● **Task**
All lines from the one that contains "Modway Outdoor Patio" through the close of the entries below are to be repeated exactly, without any pictures.

___ Extracted material

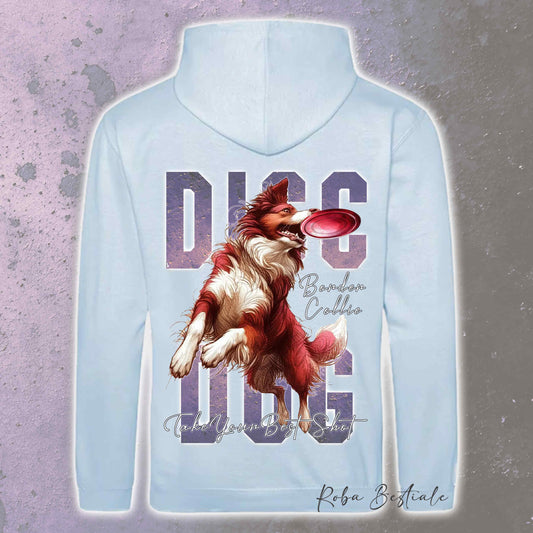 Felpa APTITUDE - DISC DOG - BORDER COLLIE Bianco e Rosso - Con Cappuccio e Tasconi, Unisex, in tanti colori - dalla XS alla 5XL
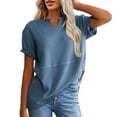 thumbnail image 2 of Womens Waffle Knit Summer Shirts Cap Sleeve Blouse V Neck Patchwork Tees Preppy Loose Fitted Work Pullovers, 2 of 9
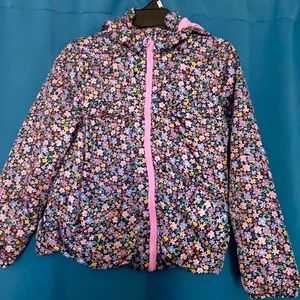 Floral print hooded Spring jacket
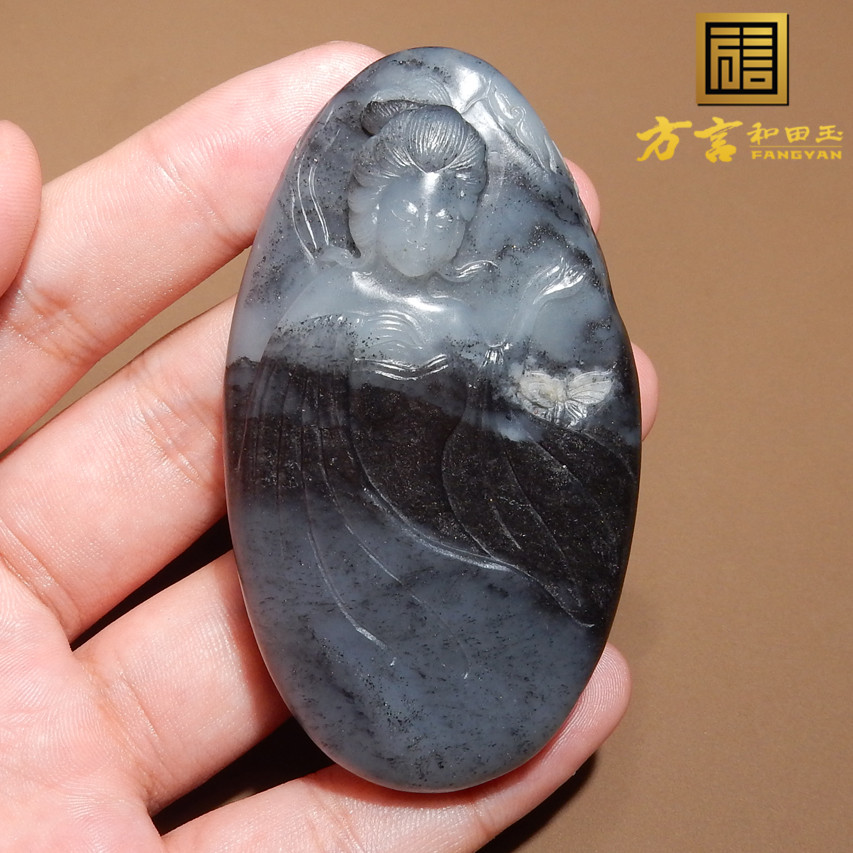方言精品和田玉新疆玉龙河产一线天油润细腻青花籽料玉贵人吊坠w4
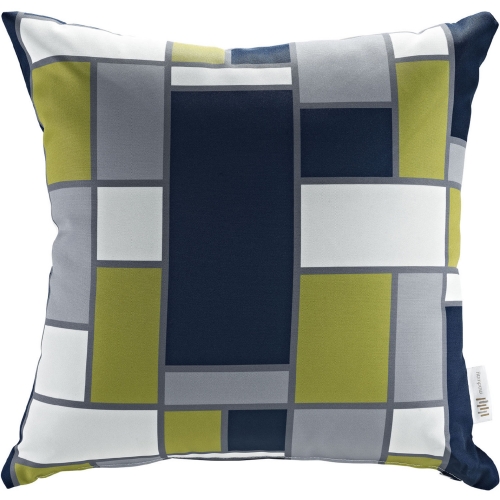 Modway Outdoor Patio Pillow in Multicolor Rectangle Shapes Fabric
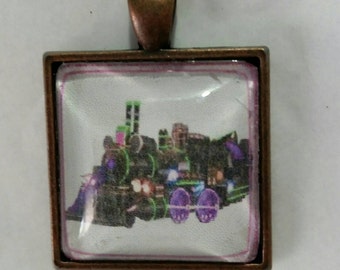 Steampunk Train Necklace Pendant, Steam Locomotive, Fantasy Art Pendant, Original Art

______

● **Problem solution**
 Modway Outdoor Patio Pillow in Multicolor Rectangle Shapes Fabric
 Steampunk Train Necklace Pendant, Steam Locomotive, Fantasy Art Pendant, Original Art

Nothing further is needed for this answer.